According to The American Academy of Pediatrics, teenagers between the ages of 13 and 18 should sleep 8 to 10 hours per every 24 hour period for best health. Unfortunately, most teens are chronically sleep-deprived, which leads to all kinds of problems, including: depression, high blood pressure, behavioral and emotional issues, and poor school performance.
A recent study out of Hong Kong looked at the sleep habits of almost 5000 teens between the ages of 12 and 18. In this experiment, about 23% of the teens had a tendency to go to bed very late, because their circadian rhythm was of the “eveningness” type. These night owls were 88% more likely to have difficulty with their emotional and behavioral health than teens who naturally went to bed earlier.
Some researchers believe that starting school later would help to eliminate many of these issues. In fact, in a recent study of over 9000 students from eight high schools across three different states, delayed school starting times correlated with improved grades, higher standardized test scores, and a 65-70% reduction in teen car-accidents.
Imagine if teen angst was really just teen sleep-deprivation?
While we aren’t willing to go that far, we do believe that getting a better night’s sleep would help reduce many of the problems that teens face.
So, here are some tips to help teens, or really anyone, fall asleep faster.
Build A Routine
Bedtime routines aren’t just for little kids! Encourage your teen to go to sleep at the same time every night, even on weekends. While this may seem unrealistic, it’s a great way to get your child’s body used to sleeping well. It may also be helpful for your teen to do something relaxing, like taking a warm bath, or doing a 15 minute relaxation yoga practice before bed.
Watch Your Caffeine
As fun as those afternoon trips to Starbucks can be, caffeine can stay in your teen’s system for many hours after they enjoy that Frappucino. Try to get him or her to agree to no caffeine after noon, and remember that tea and soda pack caffeine punches as well.

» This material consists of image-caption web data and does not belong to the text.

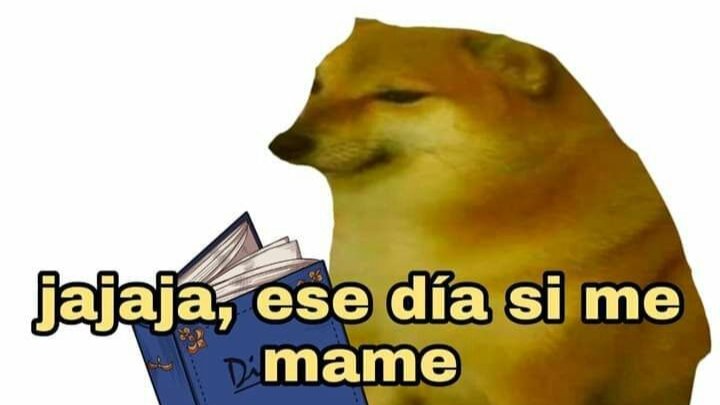 Miily_ance's tweet photo. El que intento a matar a Cristina viendo que causo un feriado Nacional... https://t.co/3OSeg6CfFI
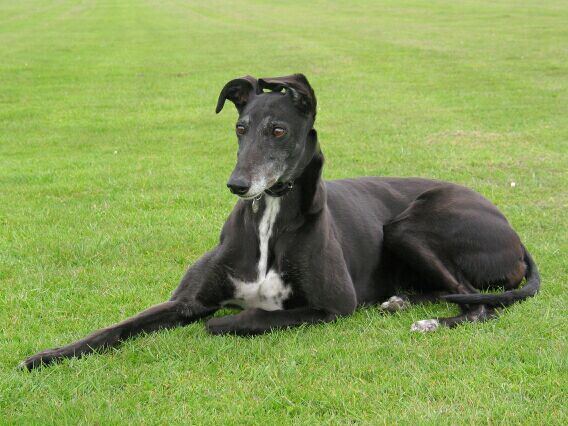 Our dog 'Scout', a typically gentle and lazy greyhound who we adopted via the Retired Greyhound Trust.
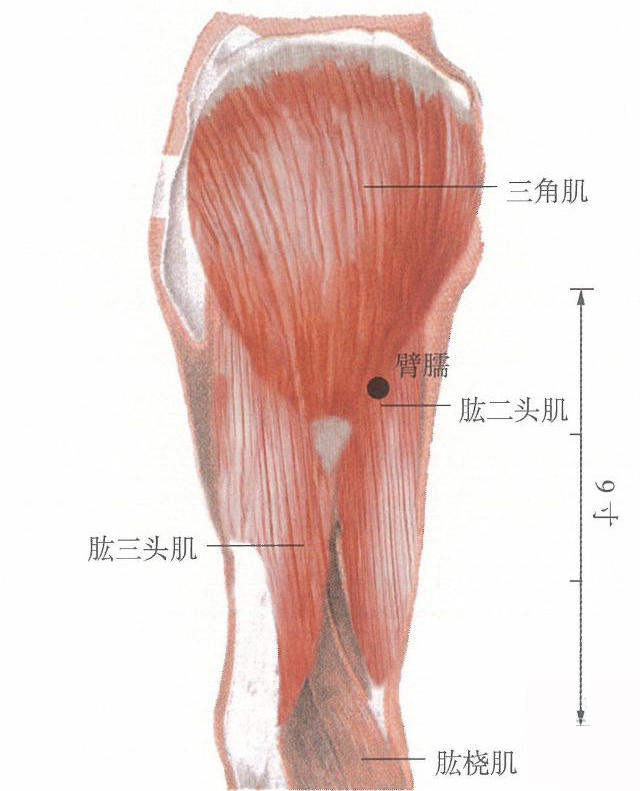 肩周炎,颈椎病,上臂疼痛就按它,听说还能减肥哦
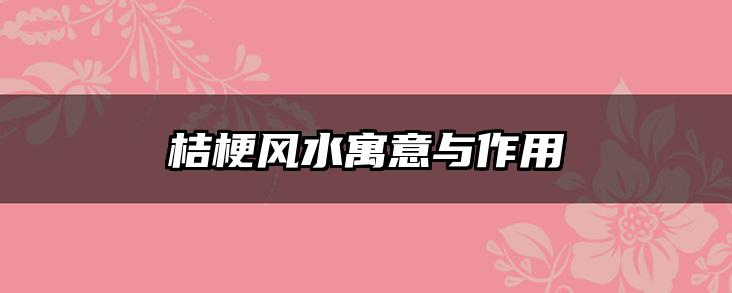 桔梗风水寓意与作用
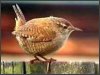 Wren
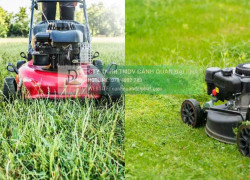 Cắt Cỏ Phát Hoang Giá Rẻ, Chuyên Nghiệp Đồng Nai, TPHCM, Bình Dương, Long An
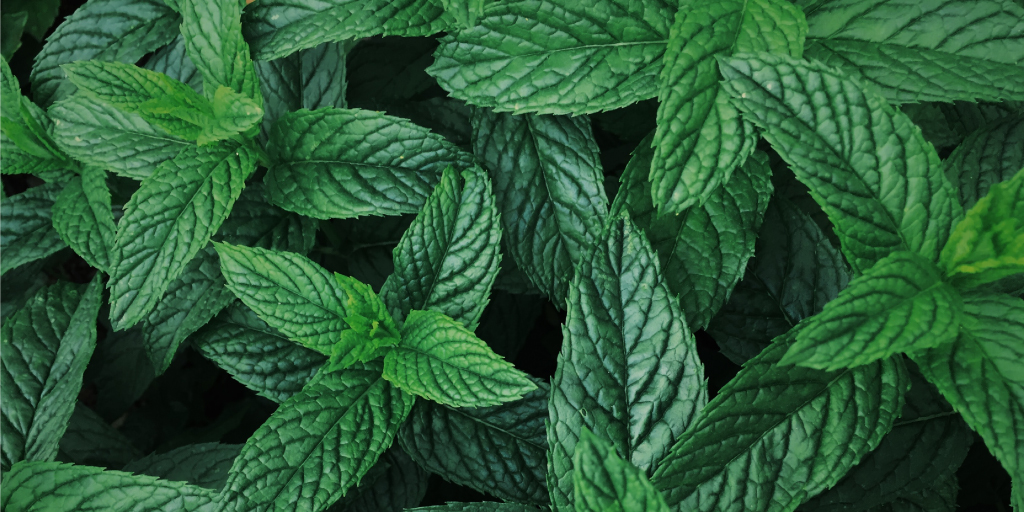 ManeKancor's tweet photo. The Early Mint Technology introduced in #Kancor in association with #CIMAP has helped farmers get more yield, with lesser #plantingmaterials, #irrigationefforts, cost of cultivation, as compared to #conventionalmethods.
Know more: https://t.co/TGaQo7GZXD
#mane #mint #mintfarm https://t.co/XZIFN67m5P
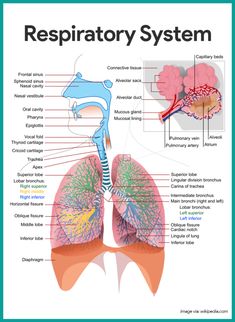 diagram of the human body and lungs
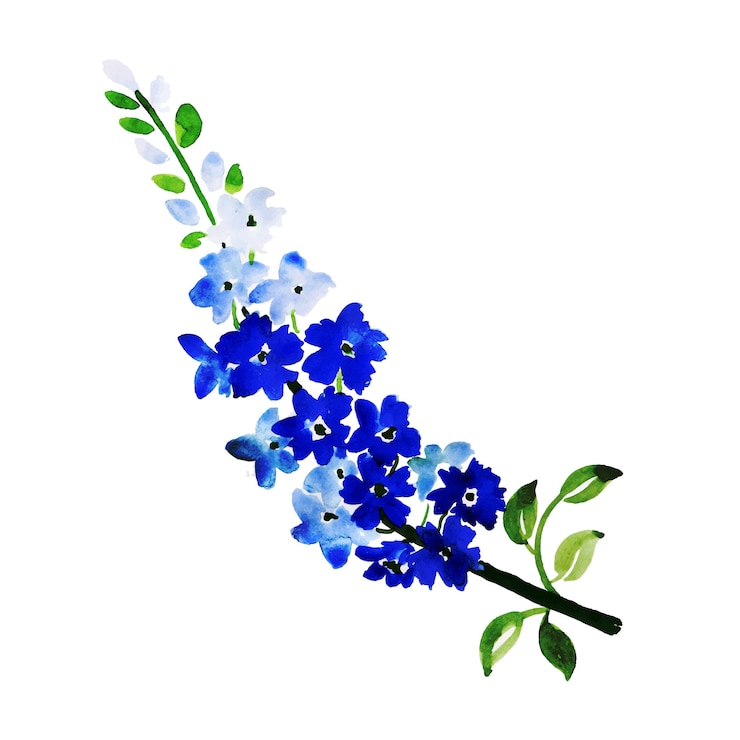 Vector watercolor spring floral element
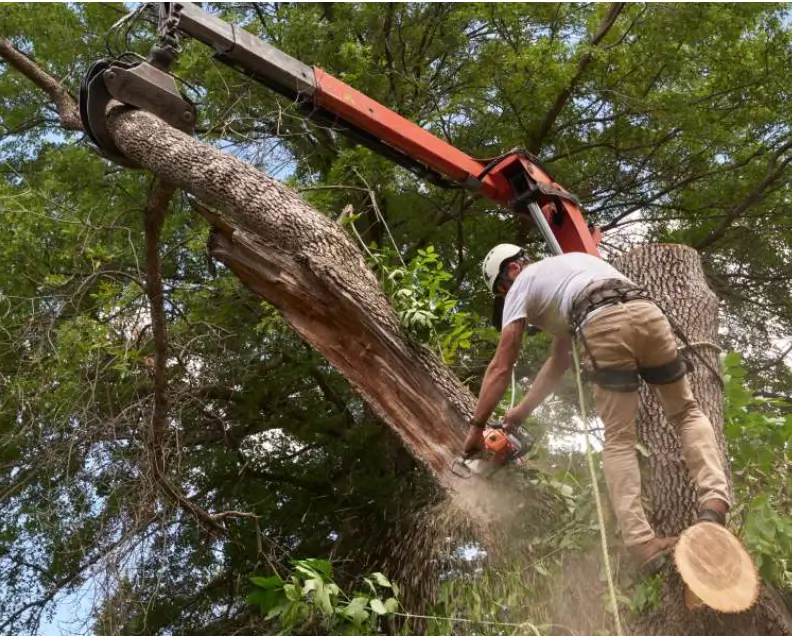 The Emergency Tree Removal Process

Experts suggest turning off all electronic devices 30 minutes before bed. This helps to reduce the amount of blue light, (a light emitted by cell phones and other devices that suppresses melatonin, and makes sleep difficult), that your teen is exposed to. Turning off devices will also help to reduce the likelihood that your teen will see something upsetting, aka sleep-ruining, on their newsfeed.
Hit The Gym
Regular exercise, preferably before 2pm, is a great way to ensure that your teen will get a restful night’s sleep. Vigorous exercise at night can have the opposite effect, because the endorphins that working out produces can interfere with sleep.
Finally, a great practice to encourage your teen to try before bed is to give thanks for everything that he or she is grateful for. Not only will this fill their mind with pleasant thoughts, but it will also initiate a relaxation response that is wonderfully conducive to falling asleep.